The highlight of the set, though, is Apples Galore, which is something of a ‘greatest hits’ of Trumptonshire. With Lord Belborough worrying that his bumper apple crop will go to waste unless something is done, Windy Miller comes to the rescue with his cider press, offering to crush the apples to make juice for that evening’s dance. Calling the Trumpton Fire Brigade to pick the apples, which are then loaded by Farmer Jonathan Bell onto Bessie to take them to Windy’s barn, Windy presses the apples with the help of the biscuit factory workers in time for the six o’clock dance. It’s a lovely coming together of Chigley (Lord Belborough), Camberwick Green (Windy Miller and Farmer Jonathan Bell) and Trumpton (the Fire Brigade) and testament to the characters, places and stories created by Gordon Murray that it works as well as it does, a great little episode that reveals the sweetness behind these shows. A treat, then, and one that the BBC ought to done better by.


If you’ve been reading the earlier reviews of both Trumpton and Camberwick Green, you’ll have noted that the main criticism of each set was the wobble in the picture. Although still there in Camberwick Green, it was much reduced and, again, this is better again. There still isn’t a great deal of clarity in the image and a little wobble in the picture remains, as does a small amount of print damage, but it’s altogether better here than in either of the previous releases. The audio track is, however, exactly the same as both Trumpton and Camberwick Green, being too sharp and trebly throughout but clean enough for there to be little background noise. There are no subtitles.
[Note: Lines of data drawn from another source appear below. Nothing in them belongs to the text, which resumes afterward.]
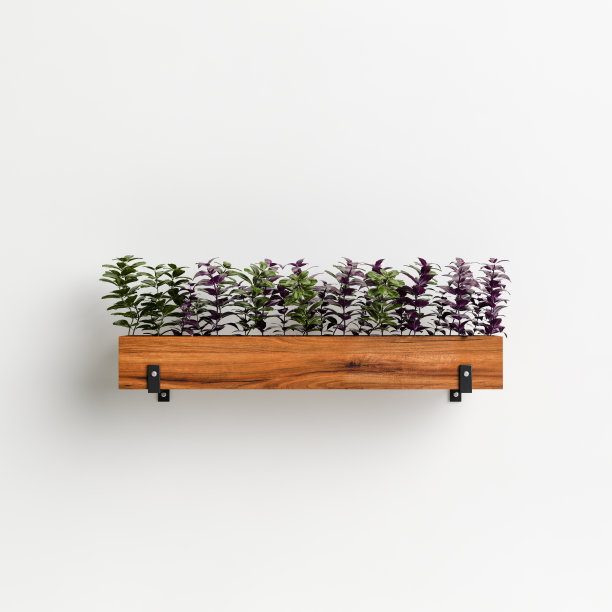 3d插图墙盆栽蔬菜隔离在白色背景图片下载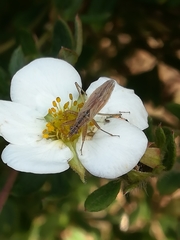 Nabis rugosus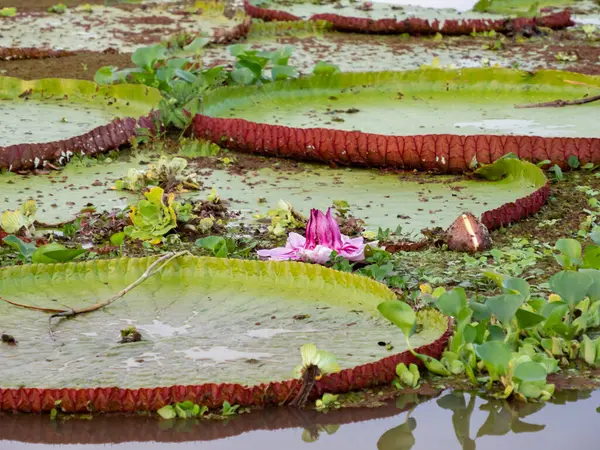Victoria Amazonica Pacaya Samiria National Reserve Handelt Sich Eine Blütenpflanze — Stockfoto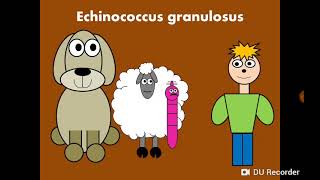 Hydatid disease (Echinococcus granulosus) التكيس المائي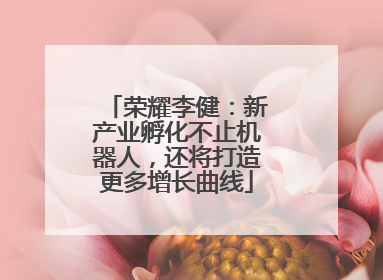 荣耀李健：新产业孵化不止机器人，还将打造更多增长曲线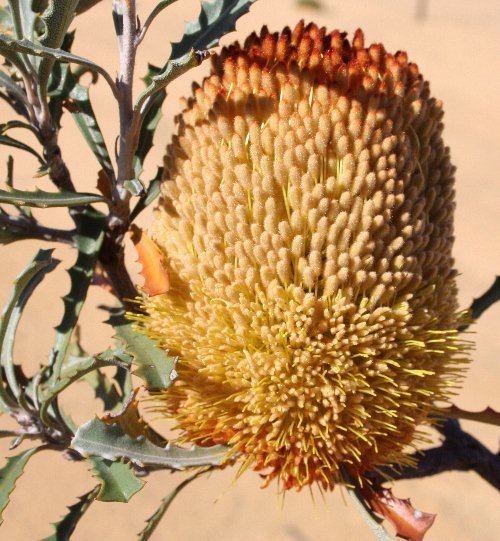 Banksia ser. Ochraceae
Restoring Trumptonshire (6m18s): It was restored? Using screenshots to compare the un-restored and restored footage – I’ve included one below to let you make up your own mind – this details the amount of work that went into preparing Trumptonshire for DVD. Featuring interviews with Gerry Gedge and Simon Duke of The Machine Room and Danni Levi of IBF Sound Restoration, this isn’t entirely convincing but includes enough to suggest that some work was done on the prints but that the budget did not permit a full restoration.
Trailer Gallery (3m31s): The same one that’s been brought over from the Trumpton and Camberwick Green discs, this includes the Trumptonshire trio as well as trailers for Trap Door, Lavender Castle, Postman Pat and the Great Dinosaur Hunt and Little Red Tractor – Glorious Mud.


If not quite as good as Trumpton or Camberwick Green, it’s still a classic of children’s television and it remains a shame that the producers of this DVD couldn’t have done better by it. With a slightly better picture quality but with a poor showing of bonus features, this is on a par with the other releases in the set and although it won’t convince anyone to buy it on its own, it’s what someone who owns the other two releases will expect.